┌─ Exercise data

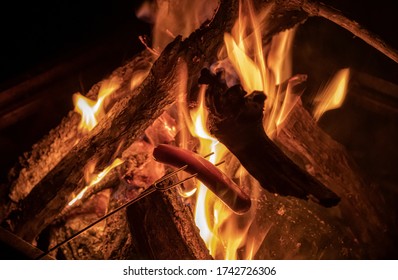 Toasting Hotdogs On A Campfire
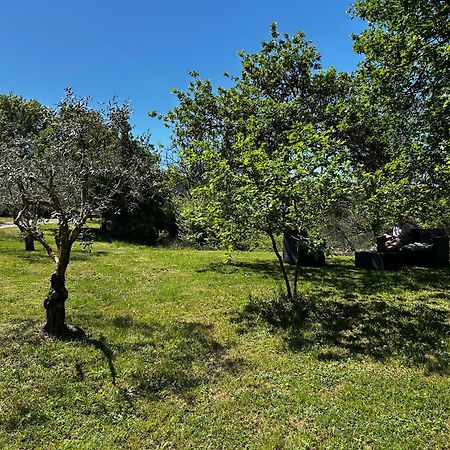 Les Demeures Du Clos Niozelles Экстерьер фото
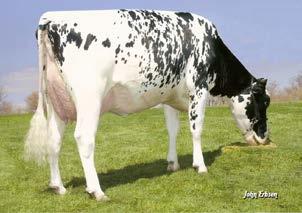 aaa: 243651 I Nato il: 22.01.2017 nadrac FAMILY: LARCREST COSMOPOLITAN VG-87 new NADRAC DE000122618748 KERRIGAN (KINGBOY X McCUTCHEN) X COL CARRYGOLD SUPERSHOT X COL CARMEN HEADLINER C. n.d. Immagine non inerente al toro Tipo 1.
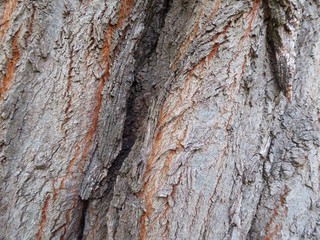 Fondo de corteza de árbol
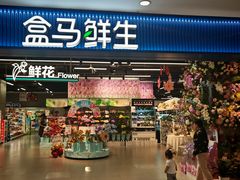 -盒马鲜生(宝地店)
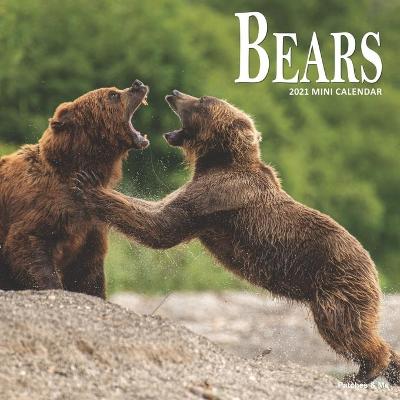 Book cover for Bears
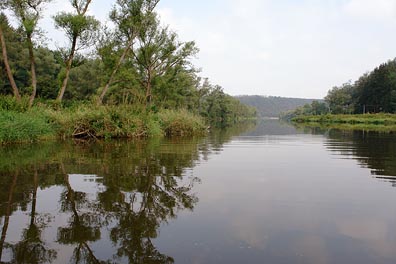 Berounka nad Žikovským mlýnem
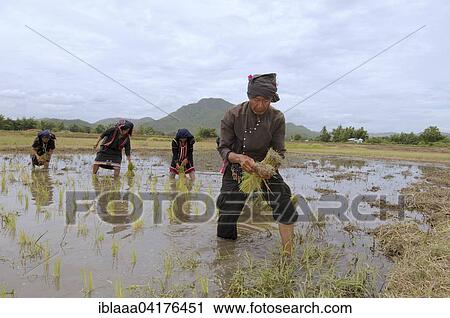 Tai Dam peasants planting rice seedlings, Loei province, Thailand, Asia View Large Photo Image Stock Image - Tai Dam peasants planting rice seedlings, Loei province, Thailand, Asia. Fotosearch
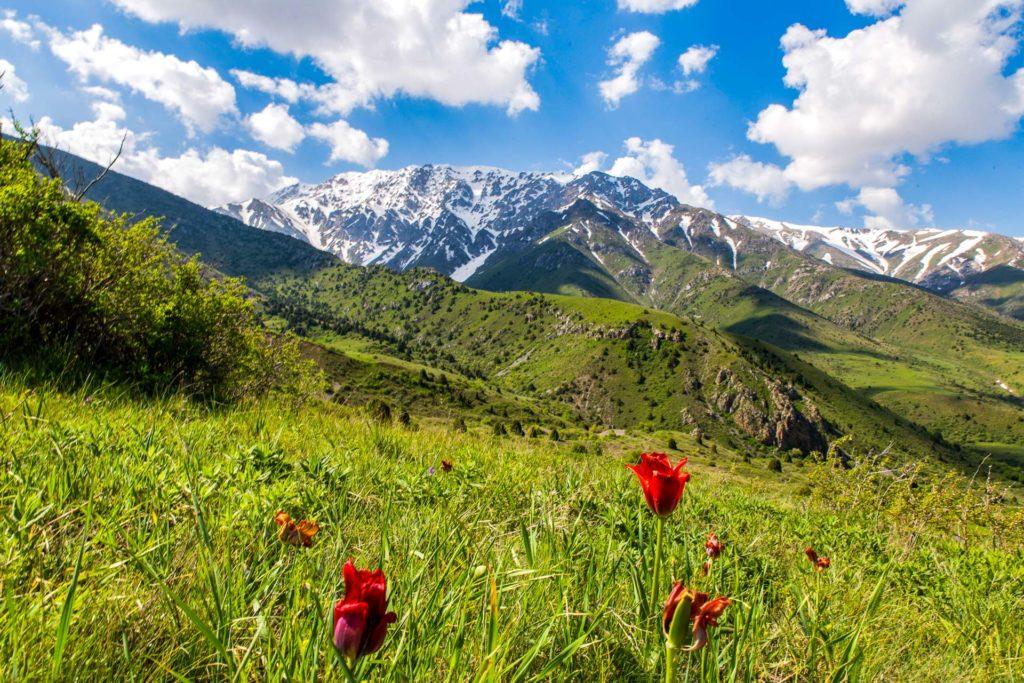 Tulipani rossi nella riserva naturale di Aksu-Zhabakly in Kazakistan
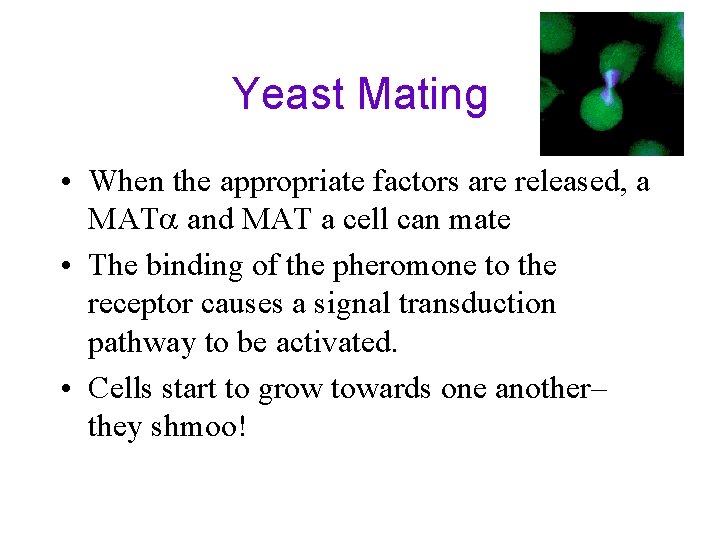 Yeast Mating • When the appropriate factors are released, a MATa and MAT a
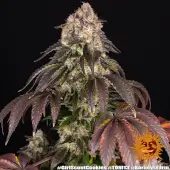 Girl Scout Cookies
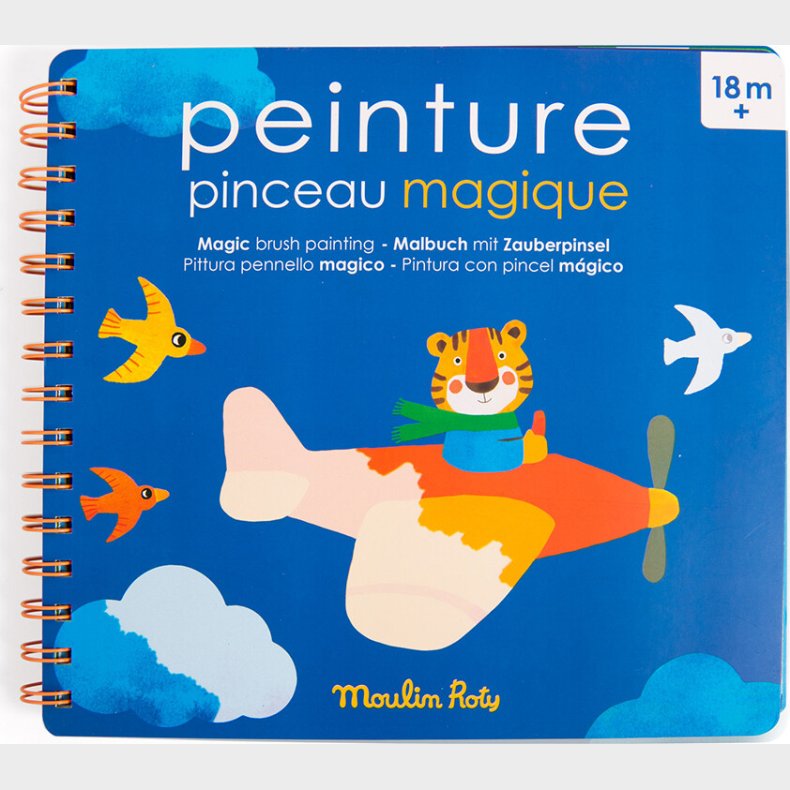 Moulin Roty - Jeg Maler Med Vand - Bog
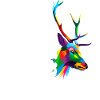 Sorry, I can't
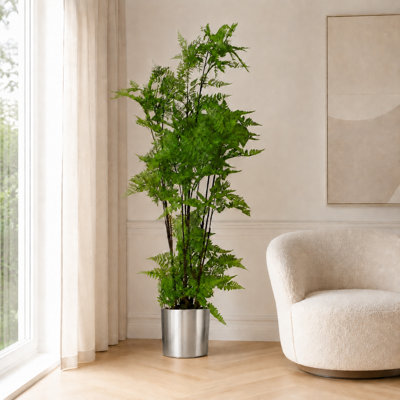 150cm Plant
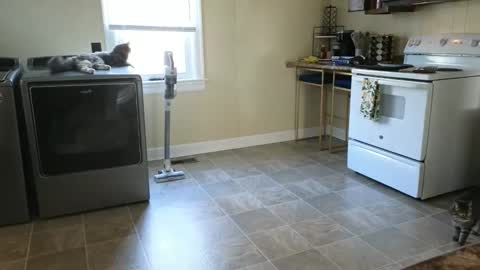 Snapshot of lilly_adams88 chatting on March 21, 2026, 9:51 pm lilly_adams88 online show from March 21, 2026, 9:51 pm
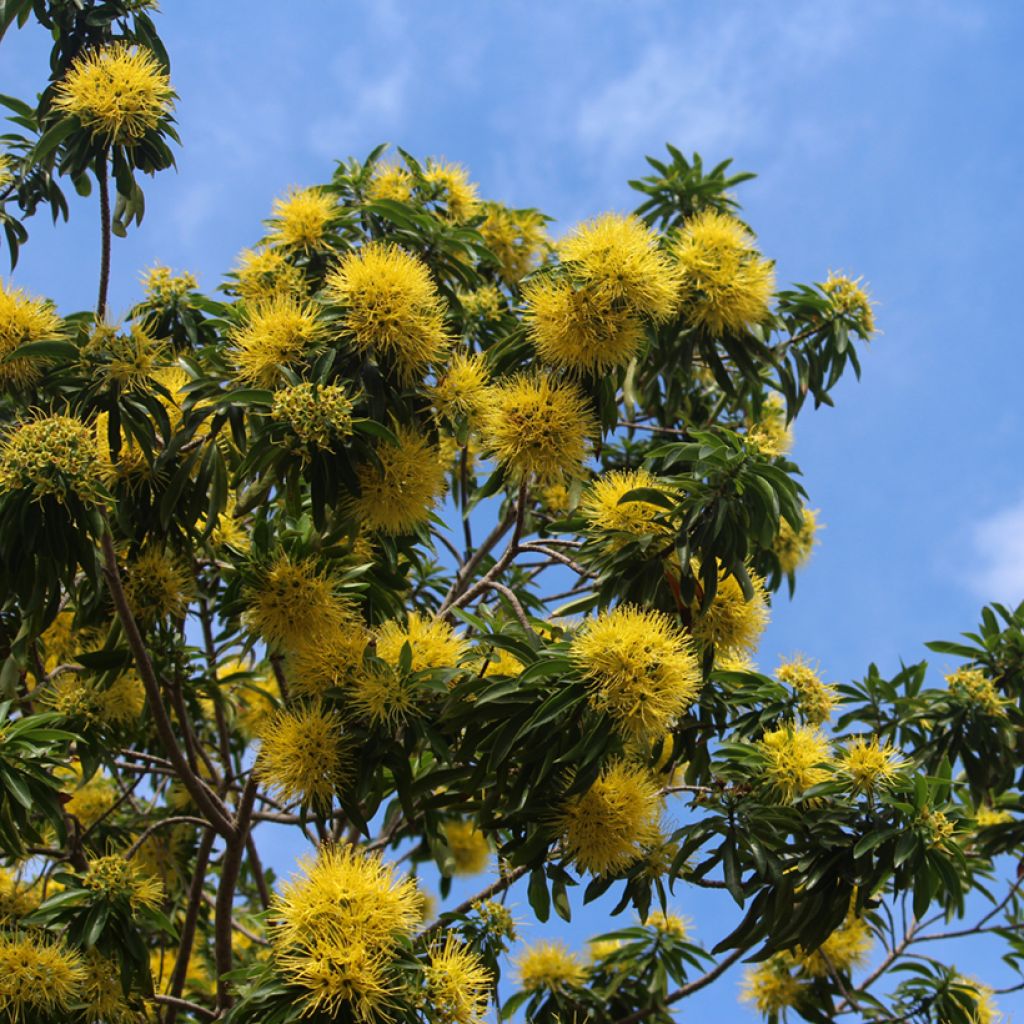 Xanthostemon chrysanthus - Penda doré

└─
┌─ Exercise data

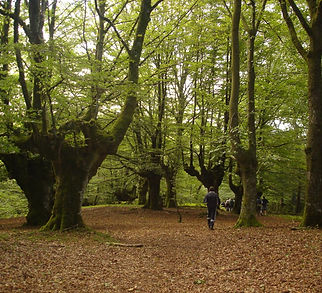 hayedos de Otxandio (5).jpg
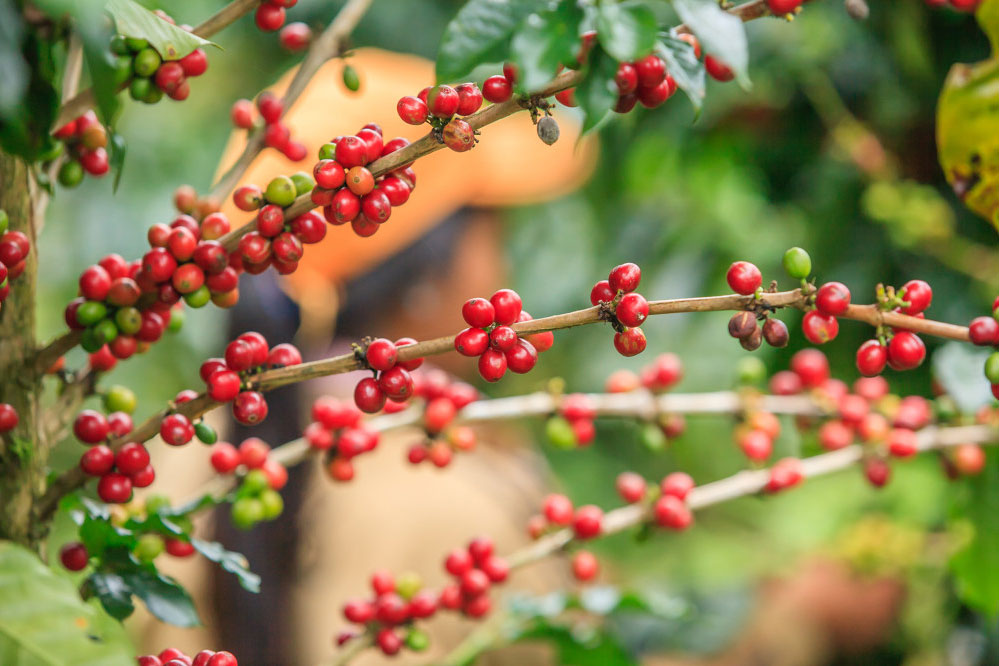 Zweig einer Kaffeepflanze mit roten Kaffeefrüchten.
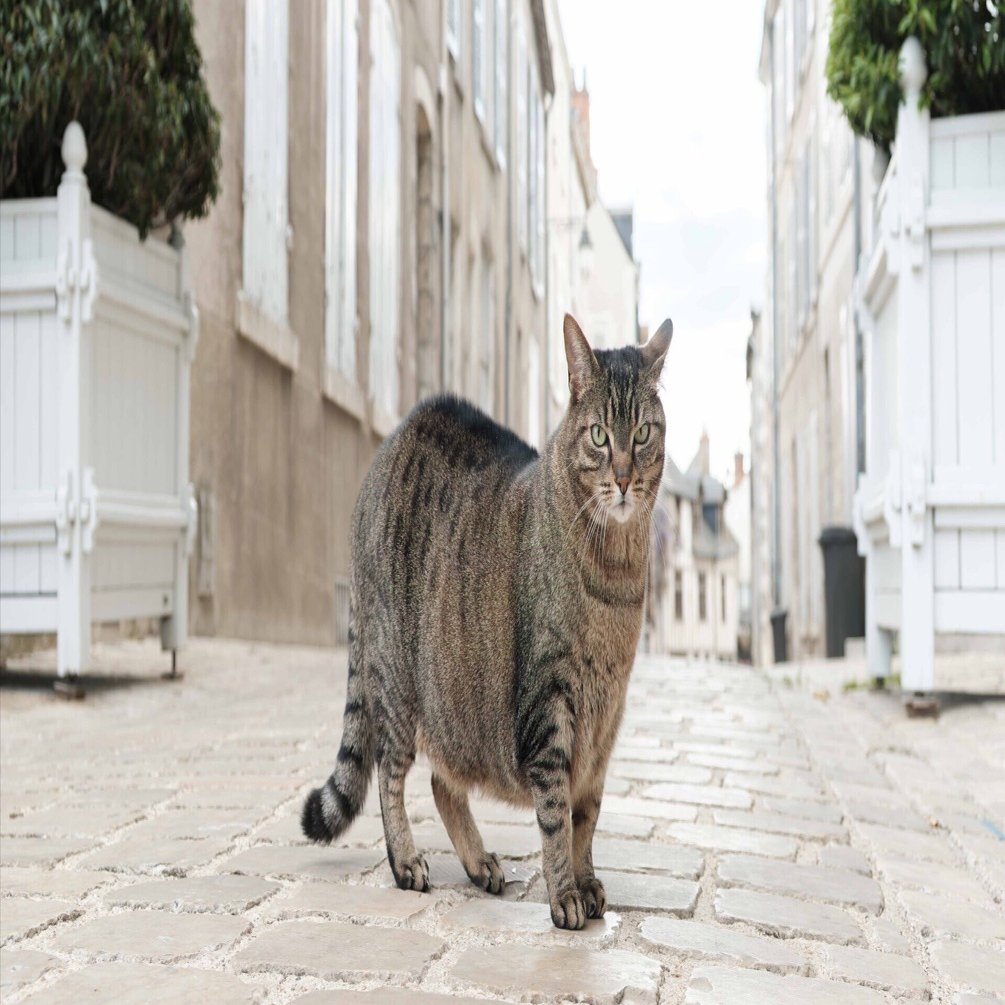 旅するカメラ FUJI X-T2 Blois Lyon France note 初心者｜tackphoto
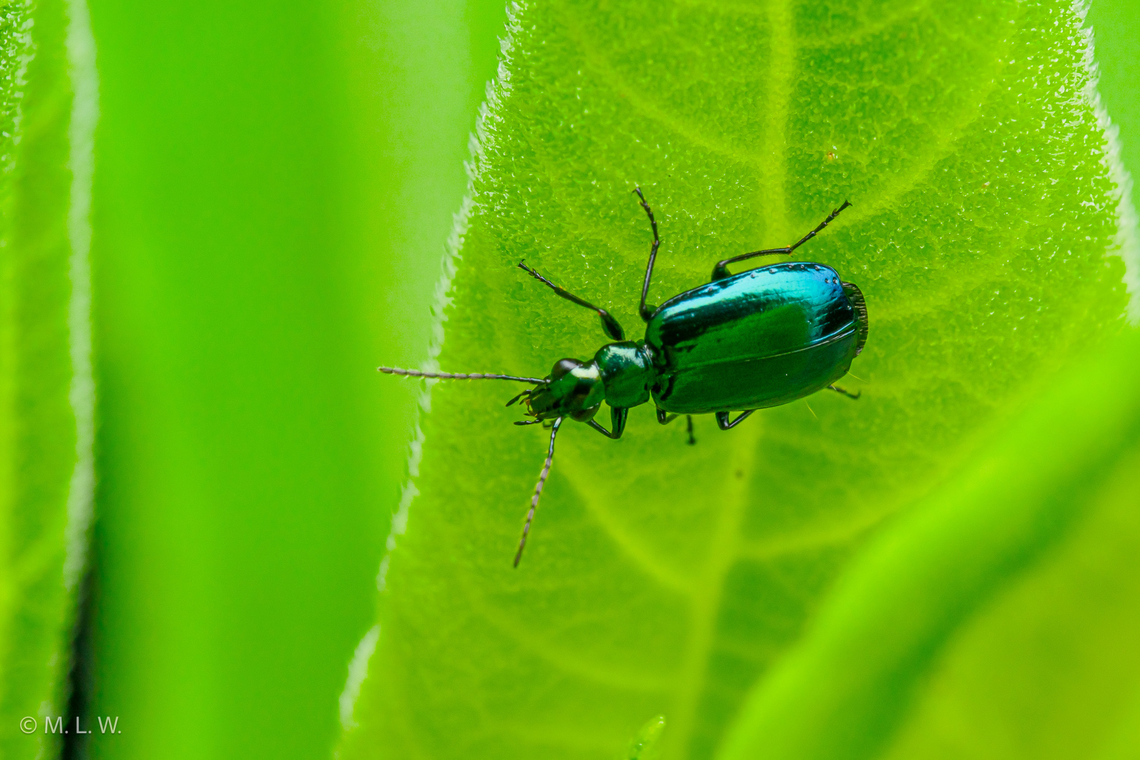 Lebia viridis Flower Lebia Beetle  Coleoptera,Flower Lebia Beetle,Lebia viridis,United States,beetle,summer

└─
┌─ Exercise data

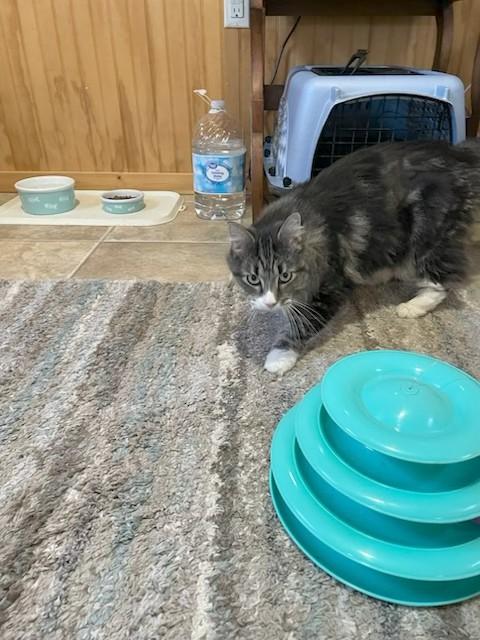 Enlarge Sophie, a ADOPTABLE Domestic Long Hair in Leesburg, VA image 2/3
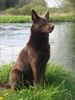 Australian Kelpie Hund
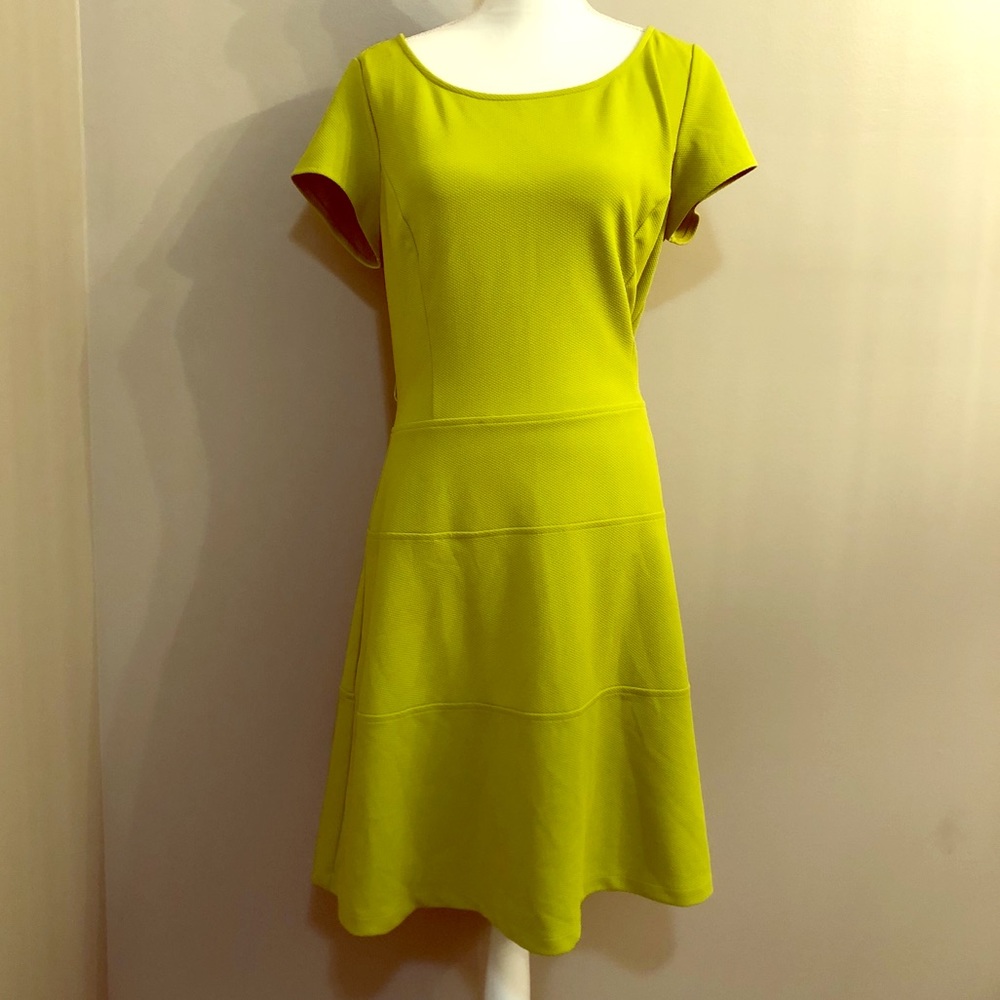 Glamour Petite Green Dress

└─

### Prompt
Go back to the listing above and write out the lines starting at the one with "Toasting Hotdogs On A Campfire" and ending at the one with "Berounka nad Žikovským mlýnem", inclusive, exactly and without pictures.

### Task response
 Toasting Hotdogs On A Campfire
 Les Demeures Du Clos Niozelles Экстерьер фото
 aaa: 243651 I Nato il: 22.01.2017 nadrac FAMILY: LARCREST COSMOPOLITAN VG-87 new NADRAC DE000122618748 KERRIGAN (KINGBOY X McCUTCHEN) X COL CARRYGOLD SUPERSHOT X COL CARMEN HEADLINER C. n.d. Immagine non inerente al toro Tipo 1.
 Fondo de corteza de árbol
 -盒马鲜生(宝地店)
 Book cover for Bears
 Berounka nad Žikovským mlýnem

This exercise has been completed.